Vor dem Hintergrund der Beschaffungsautonomie des öffentlichen Auftraggebers unterfällt die Definition von Eignungskriterien ausschließlich der Vergabestelle. Der Senat ist nicht berechtigt, der Vergabestelle Eignungskriterien vorzugeben. Er ist allein aufgerufen, gewählte Regelungen zur Eignung – wie hier die Referenzforderung – auf ihre Konformität mit dem Vergaberecht hin zu überprüfen. Ausgehend davon kommt die primär beantragte Zurückversetzung des Verfahrens in den Stand nach Angebotsabgabe – und damit unter Aufrechterhaltung der Regelungen zum Eignungsnachweis mit den damit verbundenen ausführlich geschilderten Problemen – nicht in Betracht.

Ein Ausschluss der Beigeladenen auf Basis intransparenter Vergabeunterlagen ist ebenfalls nicht möglich.

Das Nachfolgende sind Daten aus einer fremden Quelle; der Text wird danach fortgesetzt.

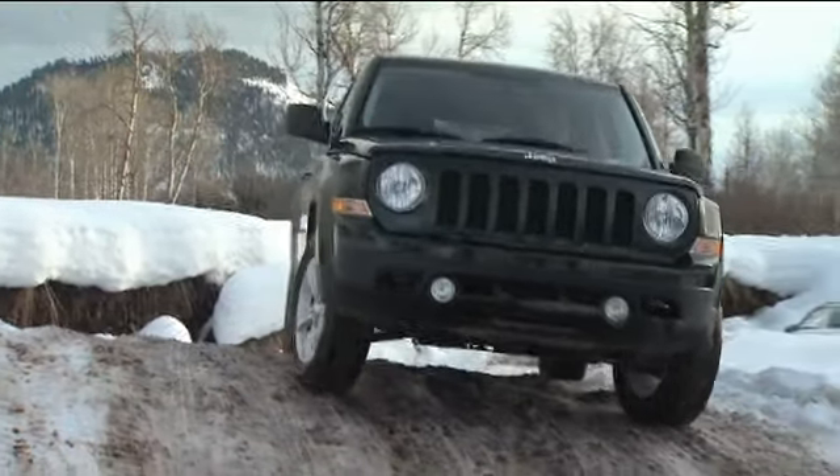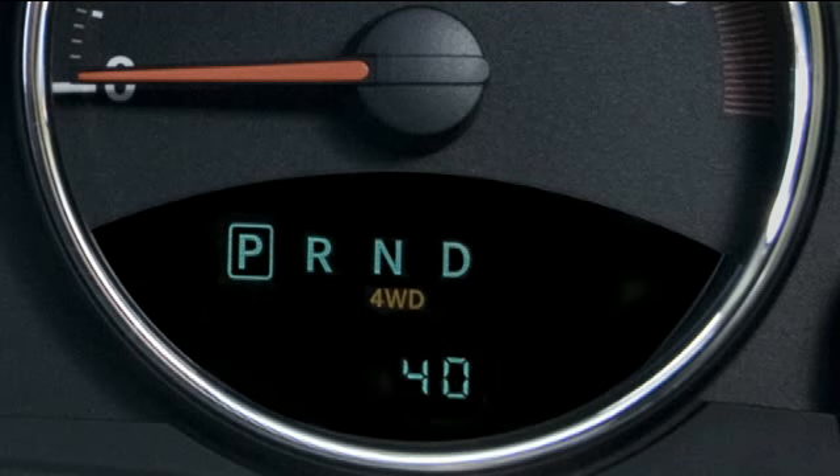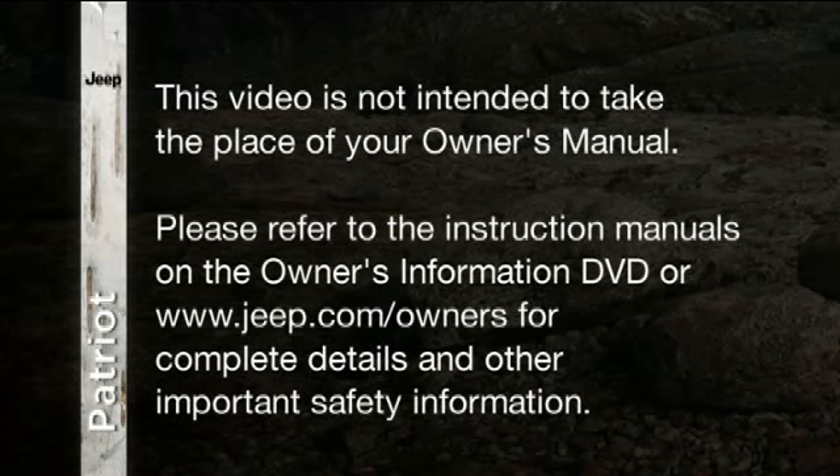To deactivate, simply pull on the switch one more time. The 4WD indicator light will then go out. Please refer to the instruction manuals on the owners information DVD or jeep.com/owners for complete details and other important safety information.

Dem Antragsgegner verbleibt im Rahmen der neuen Ausschreibung die Möglichkeit, durch entsprechende Formulierungen der Vergabeunterlagen und insbesondere der Eignungskriterien die von ihm erstrebte Marktöffnung zu erreichen.

III.

Die Kostenentscheidung für das Beschwerdeverfahren beruht auf §§ 175 Abs. 2, 71 GWB. Da die sofortige Beschwerde im Ergebnis erfolgreich war, entspricht es billigem Ermessen, die Kosten dem Antragsgegner vollumfänglich aufzuerlegen. Hinsichtlich der – nicht § 71 S. 2 GWB unterfallenden – Kosten der Beigeladenen, die an den sonstigen Verfahrenskosten nicht zu beteiligen ist, entspricht es billigem Ermessen, dass diese von ihr selbst getragen werden. Sie hat die angefochtene Entscheidung erfolglos verteidigt.

Die Kosten des Verfahrens im Sinne von § 71 GWB umfassen dabei sowohl die Gerichtskosten als auch die außergerichtlichen Kosten der Parteien.

Die Streitwertfestsetzung beruht auf § 50 Abs. 2 GKG.